O Supremo Tribunal Federal no passado recente impediu o acolhimento de uma ação penal ajuizada contra uma pessoa somente porque, em identificações telefônicas, era conhecido como “doutor”. As autoridades criminais sustentavam a viabilidade da ação penal. O Supremo Tribunal Federal, acompanhando o voto do Ministro Sepúlveda Pertence, decretou o arquivamento da ação penal, afirmando que o apelido não é suficiente para deslocar alguém para a posição de réu.

Então, quando o acusado se torna réu? Torna-se réu quando se inicia o processo, com a aceitação do pedido formulado pelo promotor de Justiça por despacho exarado pelo juiz do feito.

Daí resulta que a decisão judicial, naquele momento, reflete um exame sumário e superficial dos fatos, tanto que antecede qualquer ato de defesa do agora réu.

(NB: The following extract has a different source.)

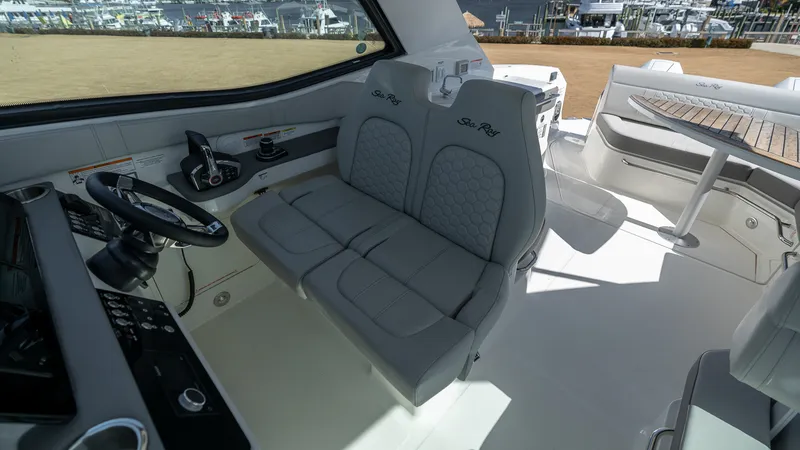 Slide: The Image of Sea Ray Sundancer 320 Outboard 2026 - 38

Ou, em palavras mais simples, no Brasil uma pessoa torna-se ré antes de defender-se.

Se antes de ouvir a defesa o Supremo Tribunal Federal tem o poder de cassar parcialmente direitos importantíssimos do cidadão para exercer cargo na linha sucessória da Presidência da República, o fato reflete a existência de um poder outorgado aos ministros acima do postulado básico da convivência democrática: todo poder emana do povo e por ele será exercido livremente através da soberania do voto. A decisão dos ministros determinando o processamento da ação penal contra o réu encolhe os efeitos do voto popular!

O Ministro Gilmar Mendes, recentemente, pelo menos por duas vezes, retirou processos da pauta de julgamento quando, consabidamente, sua orientação já estava para ser  derrotada pelos demais votos. Com tal manobra impediu que a Corte decidisse o que já estava decidido. Com esse poder, um ministro da nossa Suprema Corte, até solitariamente, estaria munido de poderes suficientes para manter uma cassação por tempo indefinido de um político processado, mas ainda não condenado. Como se percebe, a suspensão do julgamento, como ocorrido em casos recentes, refletiria o exercício de orientação política e não da aplicação dos caminhos revelados pela ciência jurídica.

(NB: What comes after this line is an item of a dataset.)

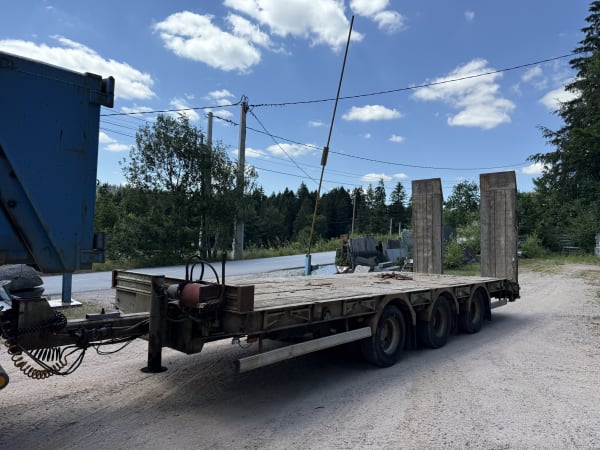 REMORQUE ROBUSTE KAISER PORTE ENGINS 3 essieux  — photo 2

A decisão examinada anuncia que o postulado da soberania popular deixou de ser a “norma hipotética fundamental” do sistema, substituindo-se a manifestação eleitoral de milhões de brasileiros pela respeitadíssima opinião de onze ministros do Supremo Tribunal Federal. Algo parecido já ocorreu anteriormente em nosso país, o que reflete, a meu ver, um retrocesso histórico.